In January 350, Magnentius () the commander of the Jovians and Herculians, a corps in the Roman army, was acclaimed augustus at Augustodunum (Autun) with the support of Marcellinus, the comes rei privatae. Magnentius overthrew and killed Constans. Surviving sources, possibly influenced by the propaganda of Magnentius's faction, accuse Constans of misrule and of homosexuality.

Early life
Constans was probably born in 323. He was the third and youngest son of Constantine I and Fausta, his father's second wife. He was the grandson of both the augusti Constantius I and Maximian. When he was born his father Constantine was the empire's senior augustus, and at war with his colleague and brother-in-law Licinius I (). At the time of Constans's birth, his eldest brother Constantine II and his half-brother Crispus, Constantine's first-born son, already held the rank of caesar. Constans's half-aunt Constantia, a daughter of Constantius I, was Licinius's wife and mother to another caesar, Licinius II.

After the defeat of Licinius by Crispus at the Battle of the Hellespont and at the Battle of Chrysopolis by Constantine, Licinius and his son were spared at Constantine's half-sister's urging. Licinius was executed on a pretext shortly afterwards. In 326, Constans's mother Fausta was also put to death on Constantine's orders, as were Constans's half-brother Crispus and Licinius II. This left Constans's branch of the Constantinian dynasty – descended from Constantius I's relationship with Helena – in control of the imperial college.

According to the works of both Ausonius and Libanius he was educated at Constantinople under the tutelage of the poet Aemilius Magnus Arborius, who instructed him in Latin.

Reign

Caesar 
On 25 December 333, his father Constantine I elevated Constans to the imperial rank of caesar at Constantinople. He was nobilissimus caesar alongside his brothers Constantine II and Constantius II. Constans became engaged to Olympias, the daughter of the praetorian prefect Ablabius, but the marriage never came to pass. Official imagery was changed to accommodate an image of Constans as co-caesar beside his brothers and their father the augustus.
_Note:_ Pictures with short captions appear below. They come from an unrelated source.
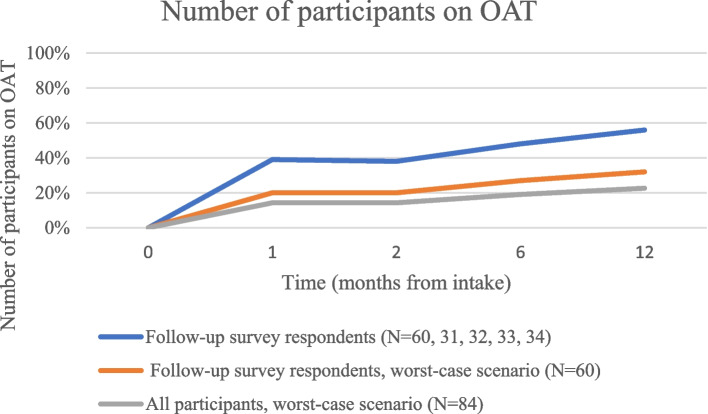An emergency-department-initiated outreach program for patients with opioid use disorder is associated with an increase in agonist therapy and engagement in addictions care: a one-year cohort study.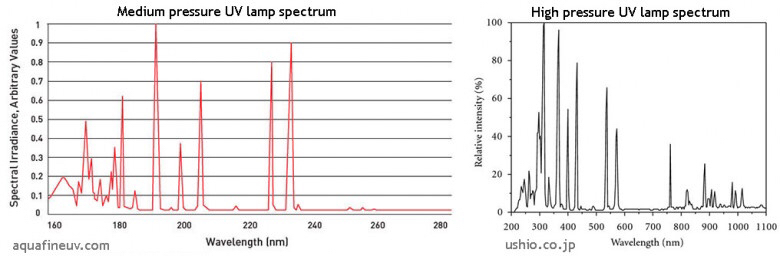 Ultraviolet: effective disinfection and safety - Coronavirus, Tuberculosis, Disinfection, The science, The medicine, Mat, Longpost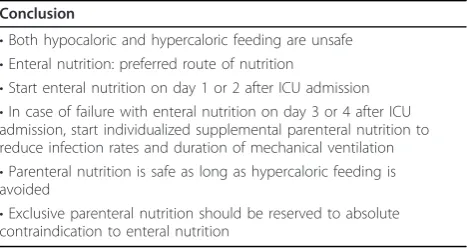 Table 4. Key messages about the clinical use of enteraland parenteral nutrition in ICU patients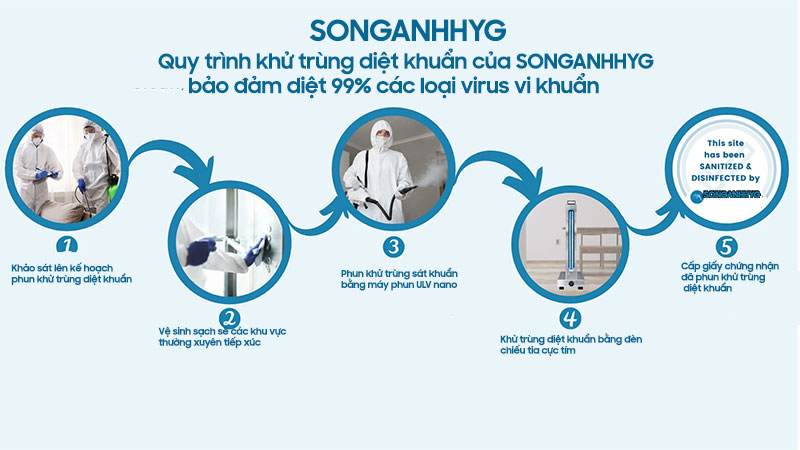 Quy trình phun khử trùng diệt khuẩn ngừa 99% virus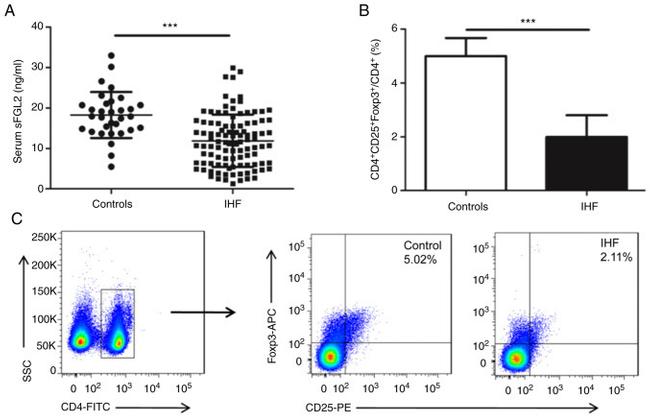 CD25 Antibody in Flow Cytometry (Flow)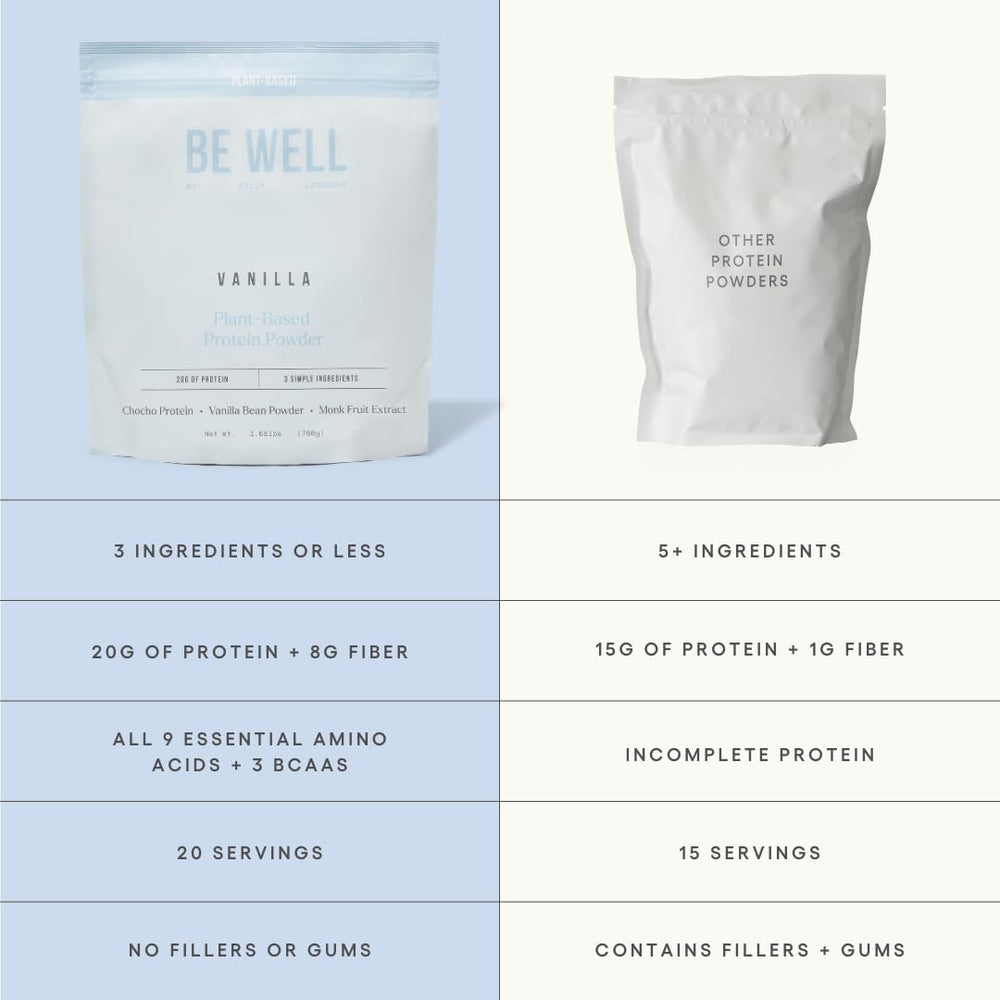 Be Well by Kelly Vanilla Plant-Based Protein Powder ingredients showcasing clean 3-ingredient formula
It is possible that the occasion of Constans's elevation to the imperial college was timed to coincide with the celebration of the millennium of the city of Byzantium, whose re-foundation as Constantinople Constantine had begun the previous decade. In 248, Rome had celebrated its own millennium, the Secular Games (), in the reign of Philip the Arab (). Philip may also have raised his son to co-augustus at the start of the anniversary year. Rome had been calculated by the 1st-century BC Latin author Marcus Terentius Varro to have been founded by Romulus in 753 BC. Byzantium was thought to have been founded in 667 BC by Byzas, according to the reckoning derived from the Histories of Herodotus, the 5th-century BC Greek historian, and the writings of Constantine's court historian Eusebius of Caesarea in his Chronicon.

Augustus 
With Constantine's death in 337, Constans and his two brothers, Constantine II and Constantius II, divided the Roman world among themselves and disposed of virtually all relatives who could possibly have a claim to the throne. The army proclaimed them augusti on 9 September 337. Almost immediately, Constans was required to deal with a Sarmatian invasion in late 337, in which he won a resounding victory.

Constans managed to extract the prefecture of Illyricum and the diocese of Thrace, provinces that were originally to be ruled by his cousin Dalmatius, as per Constantine I's proposed division after his death. Constantine II soon complained that he had not received the amount of territory that was his due as the eldest son.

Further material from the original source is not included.